Enabling Tomorrow’s Business Analysts with Predictive Analytics: Part Two
Thanks to Dr. Kai R. Larsen, Associate Professor of Information Management, University of Colorado, for contributing this two-part guest blog.
Part 2: Taking Advantage of DataRobot and Alteryx to Overcome Barriers to Success
As I laid out in Part 1 of this blog, being a university professor attempting to equip students across all disciplines with predictive analytics skills has its challenges. Operationalizing predictive analytics is fraught with complexities, and getting data ready for predictive analytics in the first place comes with its own set of challenges. But I’ve found success overcoming these challenges by bringing two tools into the classroom: DataRobot and Alteryx.
The conceptual goals of predictive analytics and its complexities can be addressed through the use of DataRobot. I believe that at this point, it is the only tool in the industry delivering automatic algorithm-specific preprocessing, understanding of algorithms, and automatic evaluation and selection of algorithms. While DataRobot provides advanced functionality that would likely stump and outperform most recent graduates of MS in Analytics programs, its surface characteristics are such that it could easily be used to teach predictive analytics to all undergraduate students.

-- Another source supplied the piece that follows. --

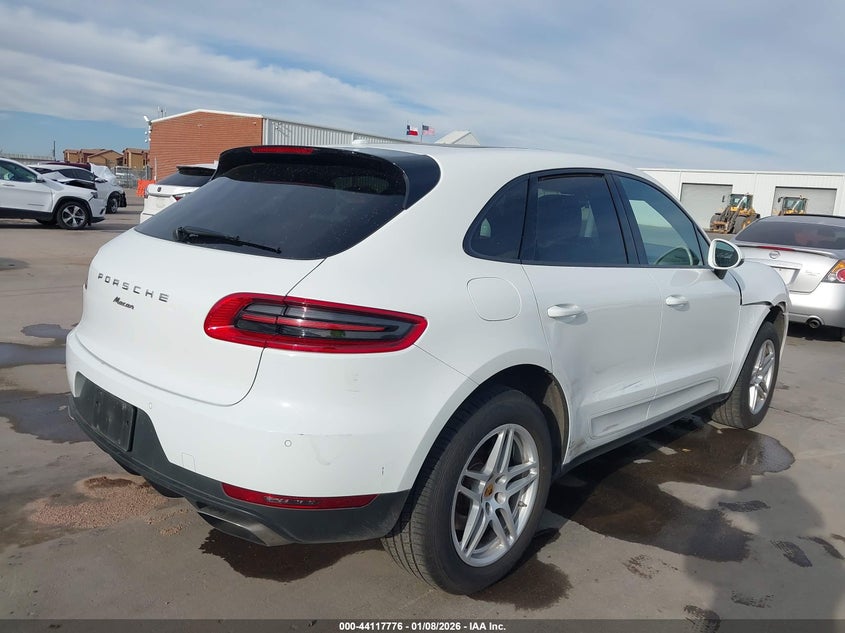 2018 Porsche Macan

The tool takes a square matrix of data, so assumes that data blending has already taken place. The data is uploaded into the cloud environment, and DataRobot immediately goes to work on calculating basic statistics. The user is then asked to select the target variable and to click the big round “easy-button.” The system goes to work setting aside a random holdback sample of 20% of the data for eventual evaluation of the solution accuracy, splitting the data into folds for 5-fold cross validation, characterizing the target variable, pre-processing the data in a number of different ways depending on class of algorithm, and running through a large sample of top-performing algorithms with 16% of the available data. The algorithms with their most common pre-processing step are then ranked in a leaderboard based on their performance on the fifth fold of the data (the part not used to build the model in one round of five-fold cross-validation). Once this round is over, the tool automatically selects algorithms to continue on with 32% of the data, and if, for example, one of the random forest algorithms outperformed other algorithms, then multiple versions of that algorithm are instantiated with different pre-processing steps. This is repeated before moving on to 64% of the data.

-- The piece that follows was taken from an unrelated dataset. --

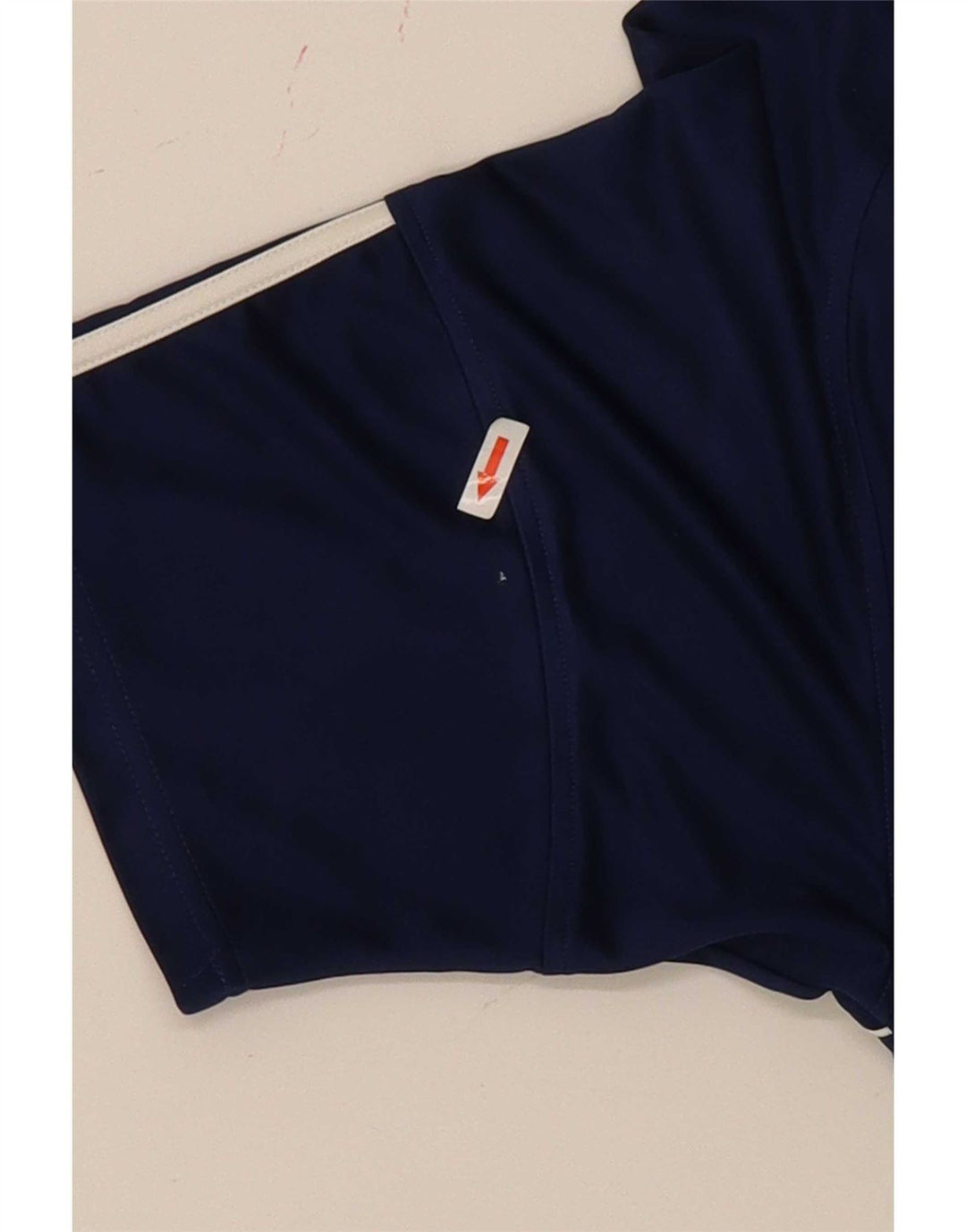 Adidas Herre T-Shirt Top Medium Navy Blue Sports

Throughout this process, the user gets to observe the gladiatorial sport of the different algorithms jockeying for supremacy on the Amazon cloud-powered platform. Finally, with 64% of the data used for training (16% for the final fold and 20% for the holdback sample), the best algorithms are “blended” together using four different auto-blenders which are themselves ranked in the leaderboard. The tool now allows use of the best algorithms to predict new cases, i.e. “What is the probability that John, whose cell phone contract expires tomorrow, will actually take his business somewhere else?” The models may be explored in terms of their key attributes with opportunities to discuss confusion matrices, precision and recall and area under the curve of ROCs, textual features driving the target variable as well as the most predictive features and their curves and patterns.
Simply put, my goal with DataRobot is to create two-hour analysts: workers who can take a square matrix, conduct predictive analytics, and create a presentation for management, all in the space of two hours. Potentially, three such projects and their presentations can, under the best of circumstances, be performed in a day, each analysis comparable with what used to take months of effort by the most expensive business analytics experts. This is the conceptual part of the puzzle. Students will not be experts on any one algorithm beyond what they may have already learned in their statistics class(es), which regardless becomes meaningless when 50 algorithms are involved. Let’s all agree that as long as proper cross-validation methodology and evaluation of metrics is taught, black boxes are our friends.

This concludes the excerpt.